# DATA PROVIDED
....
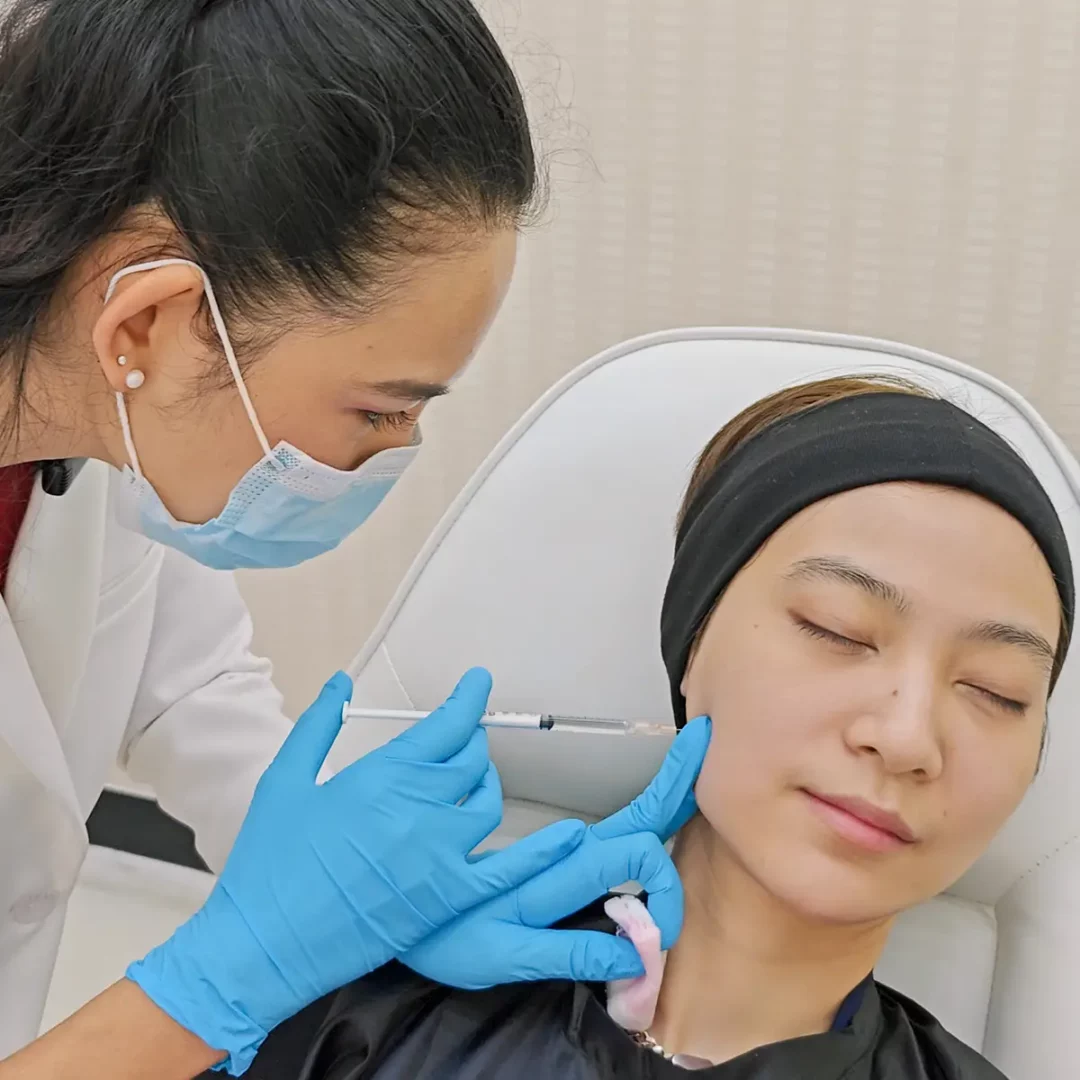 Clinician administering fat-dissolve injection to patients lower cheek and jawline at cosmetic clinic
....
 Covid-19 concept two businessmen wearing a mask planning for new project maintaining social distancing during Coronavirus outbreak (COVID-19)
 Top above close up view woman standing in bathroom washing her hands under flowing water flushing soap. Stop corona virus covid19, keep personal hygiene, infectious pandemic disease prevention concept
....
# REQUIREMENT
Wherever "concept" turns up in the records, copy the whole line.

# ANSWER SECTION
 Covid-19 concept two businessmen wearing a mask planning for new project maintaining social distancing during Coronavirus outbreak (COVID-19)
 Top above close up view woman standing in bathroom washing her hands under flowing water flushing soap. Stop corona virus covid19, keep personal hygiene, infectious pandemic disease prevention concept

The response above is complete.